If it is new, what drove the decision to use gRPC? Performance?

1 comments

Stargate v1 is a monolith where everything runs within the same JVM which means service to persistence communication is just simple method calls. One of our main goals of Stargate v2 was to break up this monolith which meant that we could no longer communicate with just direct method calls and would instead need to bridge the gap between service and persistence with some other communication mechanism.
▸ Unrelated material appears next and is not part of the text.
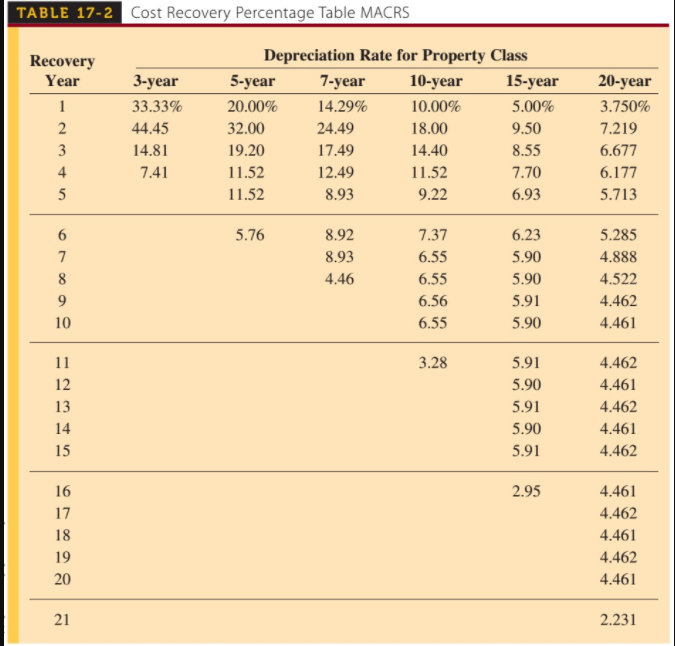 18, 2003. The computer system is used for business 100% of the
We explored a few different options such as REST or CQL via drivers but ultimately landed on gRPC for a few reasons:

1. REST could be a viable option and has been used many times when splitting up a monolith but we didn't believe it could give us the performance we would need due to opening and closing connections

2. With REST we would essentially have to define our own schema definition language to describe the transport of messages between service and persistence which would also add the overhead of serializing and deserializing json payloads

3. CQL is a proven transport mechanism but requires the use of a driver which means whatever language used to implement the service must also have a workable driver (flexibility is a driving design principle for v2)

4. The session based nature of drivers would cause issues in a multi-user or multi-tenant environment

5. Although CQL fits most of our use cases it doesn't quite cover everything

So, yes performance was a factor in choosing gRPC but there was also the flexibility it gave us while being able to reuse CQL thus avoiding reinventing the wheel.